━━━ RECORDS FOR THE TASK ━━━
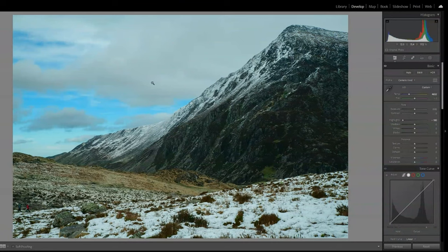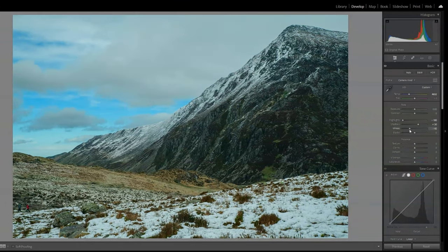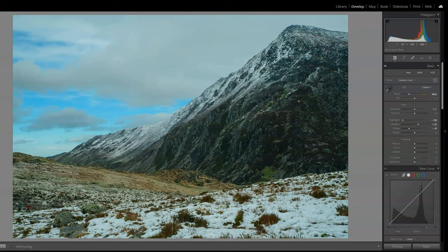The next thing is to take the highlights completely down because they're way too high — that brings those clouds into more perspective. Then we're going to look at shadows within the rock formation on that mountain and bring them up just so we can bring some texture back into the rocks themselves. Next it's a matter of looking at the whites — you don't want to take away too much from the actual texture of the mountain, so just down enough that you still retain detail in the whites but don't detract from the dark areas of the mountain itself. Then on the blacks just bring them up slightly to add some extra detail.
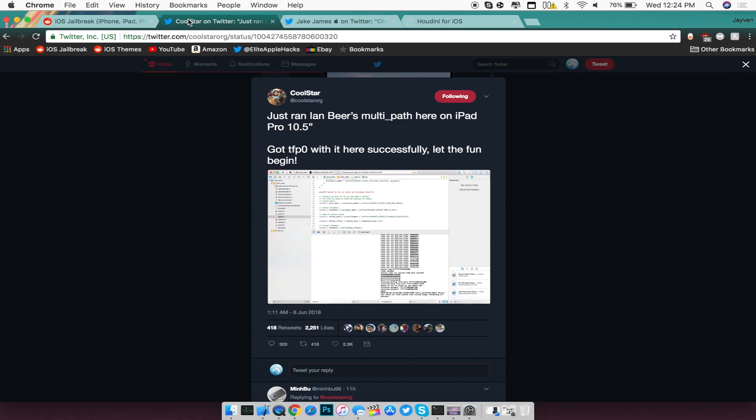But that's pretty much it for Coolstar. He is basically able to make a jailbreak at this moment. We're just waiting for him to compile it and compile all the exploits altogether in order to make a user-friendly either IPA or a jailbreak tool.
━━━
━━━ RECORDS FOR THE TASK ━━━
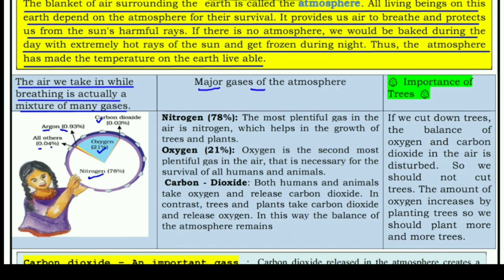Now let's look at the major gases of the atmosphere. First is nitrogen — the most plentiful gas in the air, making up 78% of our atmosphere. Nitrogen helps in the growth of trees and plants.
━━━
- INSTRUCTIONS TO FOLLOW -
Using the entries above, write out exactly the lines from the one with "The next thing" through the one with "But that's pretty", ends included. Leave out any pictures.

- REPLY -
The next thing is to take the highlights completely down because they're way too high — that brings those clouds into more perspective. Then we're going to look at shadows within the rock formation on that mountain and bring them up just so we can bring some texture back into the rocks themselves. Next it's a matter of looking at the whites — you don't want to take away too much from the actual texture of the mountain, so just down enough that you still retain detail in the whites but don't detract from the dark areas of the mountain itself. Then on the blacks just bring them up slightly to add some extra detail.
But that's pretty much it for Coolstar. He is basically able to make a jailbreak at this moment. We're just waiting for him to compile it and compile all the exploits altogether in order to make a user-friendly either IPA or a jailbreak tool.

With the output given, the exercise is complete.